In his application for relief from illegal search and seizure, defendant’s chief contention was that the information upon which the search warrant for his automobile was based was not sufficient in quality or quantity to permit the issuing authority to have probable cause to issue the warrant.
The affidavit in this case contains the following information:
“I, the affiant, was told by a reliable informant, said informant has provided information in the past which led to three arrests and two convictions for narcotics, that the above named subject would be in possession of a quantity of Amphetamine and Barbituric acid tablets this date and that the said drugs would be concealed in the above described vehicle. The informant, in addition, saw a quantity of pink tables [sic] in the possession of Andrew Luczakowsky within the last two weeks and was told that the pink tables [sic] observed were amphetamine tables [sic]. This was told to the informant by Andrew Luczakowsky who at the time produced the tables [sic] from the said Vehicle.”
*491The events herein preceded the effective date of Pa. R. Crim. P. 2003, limiting the finding as to probable cause on the part of the issuing authority to the four comers of the complaint for the search warrant. Therefore the district justice of the peace could properly consider other sworn testimony presented by the affiant. In this case, the State narcotics agent informed the district justice as to the specifics of the previous cases in which the confidential informant had proven reliable.
The court is satisfied that the affidavit, coupled with this additional information, was ample basis for a finding of probable cause to support the issuance of the search warrant. See Commonwealth v. Milliken, 450 Pa. 310 (1973).
What caused the problem giving rise to this appeal from the suppression ruling of this court was the demand, on cross-examination by defense counsel, for a revelation of the cases in which the confidential informant had proven reliable in the past.

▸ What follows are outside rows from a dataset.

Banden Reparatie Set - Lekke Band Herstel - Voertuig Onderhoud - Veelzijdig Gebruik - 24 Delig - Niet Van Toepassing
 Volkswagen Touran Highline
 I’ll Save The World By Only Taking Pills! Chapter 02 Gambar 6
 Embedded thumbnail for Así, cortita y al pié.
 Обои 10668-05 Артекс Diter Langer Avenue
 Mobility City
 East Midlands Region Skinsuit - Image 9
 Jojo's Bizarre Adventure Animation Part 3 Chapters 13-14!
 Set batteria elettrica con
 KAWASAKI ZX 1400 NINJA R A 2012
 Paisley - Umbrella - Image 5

The trial judge, at time of hearing, was of the opinion that the appellate courts required this. The agent declined to disclose this information, because, he stated, this would be tantamount to a disclosure of the identity of the informant and that this might well expose the informant to danger. The assistant district attorney stated he would prefer to lose the case rather than have that develop, and so the suppression order was entered, followed by this appeal.
We now conclude we were in error. The holding of Aguilar v. Texas, 378 U.S. 108 (1964), has not gone so far as to compel disclosure of the identity of a confidential informant, nor to require the delineation of information that would lead a person knowledgeable in the particular area of criminality in*492volved to pinpoint the informant. See Commonwealth v. Crawley, 209 Pa. Superior Ct. 70 (1966), aff'd per cur., 432 Pa. 627 (1968).
By reason of the appeal to the Superior Court, the cause has been effectively removed from this court. Therefore, we are precluded from rectifying what we now regard as an erroneous ruling. Provided the Superior Court agrees that we were in error, the district attorney is admonished to make certain defendant is afforded a prompt trial upon the return of the case to this court’s jurisdiction.